**Raw data:**
*****
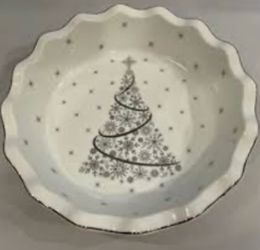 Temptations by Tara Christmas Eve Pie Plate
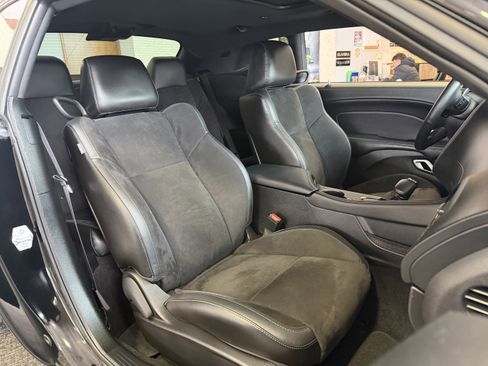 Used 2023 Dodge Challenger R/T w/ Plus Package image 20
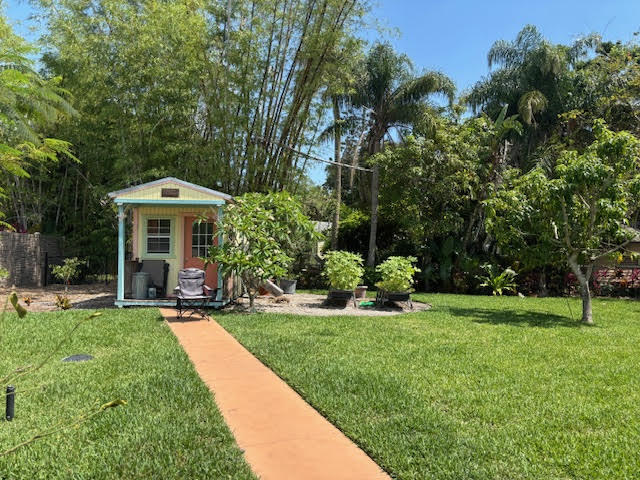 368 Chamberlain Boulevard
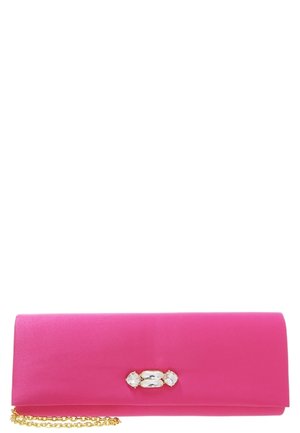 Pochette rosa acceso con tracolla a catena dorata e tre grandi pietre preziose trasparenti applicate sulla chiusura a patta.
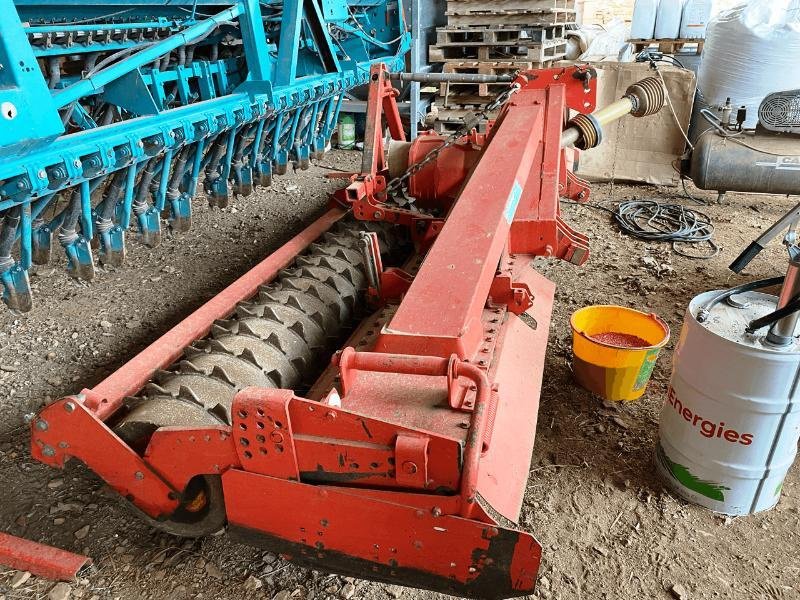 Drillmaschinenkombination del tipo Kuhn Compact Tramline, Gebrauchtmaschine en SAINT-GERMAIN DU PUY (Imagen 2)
*****
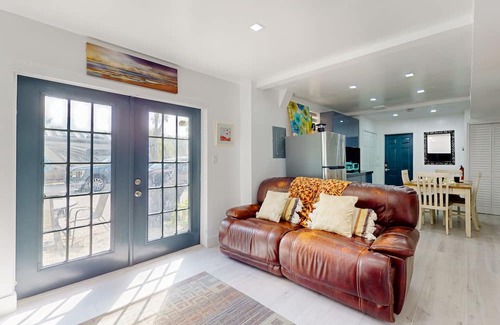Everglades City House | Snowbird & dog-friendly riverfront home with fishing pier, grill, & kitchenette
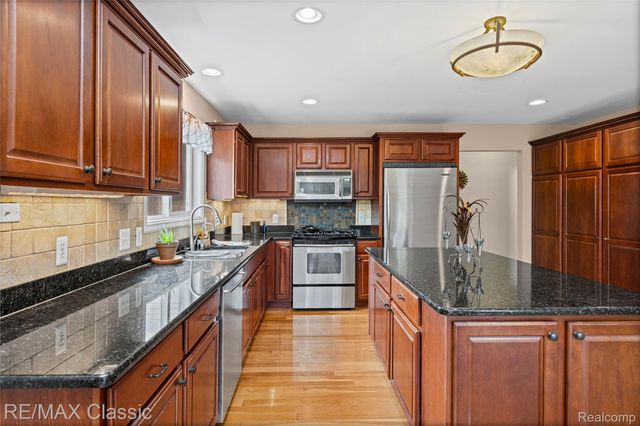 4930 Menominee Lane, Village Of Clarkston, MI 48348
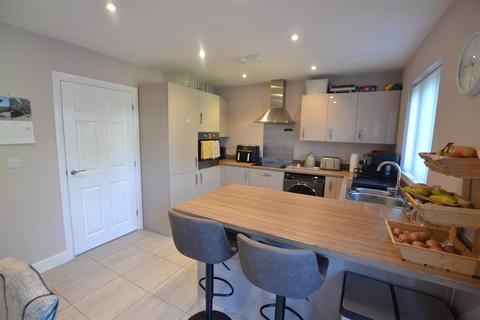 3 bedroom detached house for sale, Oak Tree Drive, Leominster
*****
**Exercise brief:** In the records above, find the line containing "Used 2023 Dodge" and the line containing "Drillmaschinenkombination del tipo", then give both of them again word for word along with every line between. Omit any pictures.

**Result:**
 Used 2023 Dodge Challenger R/T w/ Plus Package image 20
 368 Chamberlain Boulevard
 Pochette rosa acceso con tracolla a catena dorata e tre grandi pietre preziose trasparenti applicate sulla chiusura a patta.
 Drillmaschinenkombination del tipo Kuhn Compact Tramline, Gebrauchtmaschine en SAINT-GERMAIN DU PUY (Imagen 2)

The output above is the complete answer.